A single number is required: how many lines in the data below contain "against".

════════════════

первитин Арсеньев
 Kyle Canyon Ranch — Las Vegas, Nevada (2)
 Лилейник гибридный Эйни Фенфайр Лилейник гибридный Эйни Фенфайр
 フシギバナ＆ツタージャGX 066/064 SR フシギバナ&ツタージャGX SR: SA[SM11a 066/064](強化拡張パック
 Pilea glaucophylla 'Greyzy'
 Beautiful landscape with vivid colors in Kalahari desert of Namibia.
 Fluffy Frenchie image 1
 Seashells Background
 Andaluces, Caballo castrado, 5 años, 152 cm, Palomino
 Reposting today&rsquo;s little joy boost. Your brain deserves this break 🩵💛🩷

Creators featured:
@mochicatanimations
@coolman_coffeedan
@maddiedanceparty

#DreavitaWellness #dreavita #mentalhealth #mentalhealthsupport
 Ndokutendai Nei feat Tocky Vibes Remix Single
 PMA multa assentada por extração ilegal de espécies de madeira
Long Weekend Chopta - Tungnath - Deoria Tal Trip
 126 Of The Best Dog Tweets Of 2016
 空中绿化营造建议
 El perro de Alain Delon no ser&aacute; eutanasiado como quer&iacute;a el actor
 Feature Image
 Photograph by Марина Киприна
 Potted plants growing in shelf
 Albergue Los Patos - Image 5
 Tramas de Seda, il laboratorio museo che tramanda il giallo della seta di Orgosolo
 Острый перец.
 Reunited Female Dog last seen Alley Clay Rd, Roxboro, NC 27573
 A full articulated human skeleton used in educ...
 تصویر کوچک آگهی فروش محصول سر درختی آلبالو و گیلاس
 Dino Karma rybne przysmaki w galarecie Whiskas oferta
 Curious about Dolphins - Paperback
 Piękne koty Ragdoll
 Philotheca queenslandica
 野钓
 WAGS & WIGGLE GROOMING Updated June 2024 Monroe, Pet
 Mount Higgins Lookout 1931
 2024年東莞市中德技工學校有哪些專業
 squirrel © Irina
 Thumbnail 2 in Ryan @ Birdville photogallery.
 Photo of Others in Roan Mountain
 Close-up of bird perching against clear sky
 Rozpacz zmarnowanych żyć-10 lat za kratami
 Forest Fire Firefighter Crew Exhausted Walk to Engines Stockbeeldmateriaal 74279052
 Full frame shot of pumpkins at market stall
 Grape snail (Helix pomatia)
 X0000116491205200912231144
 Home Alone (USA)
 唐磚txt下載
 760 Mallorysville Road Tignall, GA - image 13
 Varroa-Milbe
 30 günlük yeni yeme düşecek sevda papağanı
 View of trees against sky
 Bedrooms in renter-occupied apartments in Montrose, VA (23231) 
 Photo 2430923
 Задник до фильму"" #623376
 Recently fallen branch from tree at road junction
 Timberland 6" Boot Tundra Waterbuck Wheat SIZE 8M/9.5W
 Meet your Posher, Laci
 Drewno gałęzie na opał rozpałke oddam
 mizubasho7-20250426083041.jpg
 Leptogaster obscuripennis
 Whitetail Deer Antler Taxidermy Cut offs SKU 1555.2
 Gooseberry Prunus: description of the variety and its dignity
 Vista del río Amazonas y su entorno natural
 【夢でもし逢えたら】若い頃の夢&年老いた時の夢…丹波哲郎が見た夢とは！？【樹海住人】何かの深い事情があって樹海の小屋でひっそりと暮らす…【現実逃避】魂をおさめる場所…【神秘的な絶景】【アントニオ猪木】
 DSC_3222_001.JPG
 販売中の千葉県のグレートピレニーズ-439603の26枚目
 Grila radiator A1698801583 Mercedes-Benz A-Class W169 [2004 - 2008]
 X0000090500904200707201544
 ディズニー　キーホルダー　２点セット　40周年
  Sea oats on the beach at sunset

════════════════

Task answer
2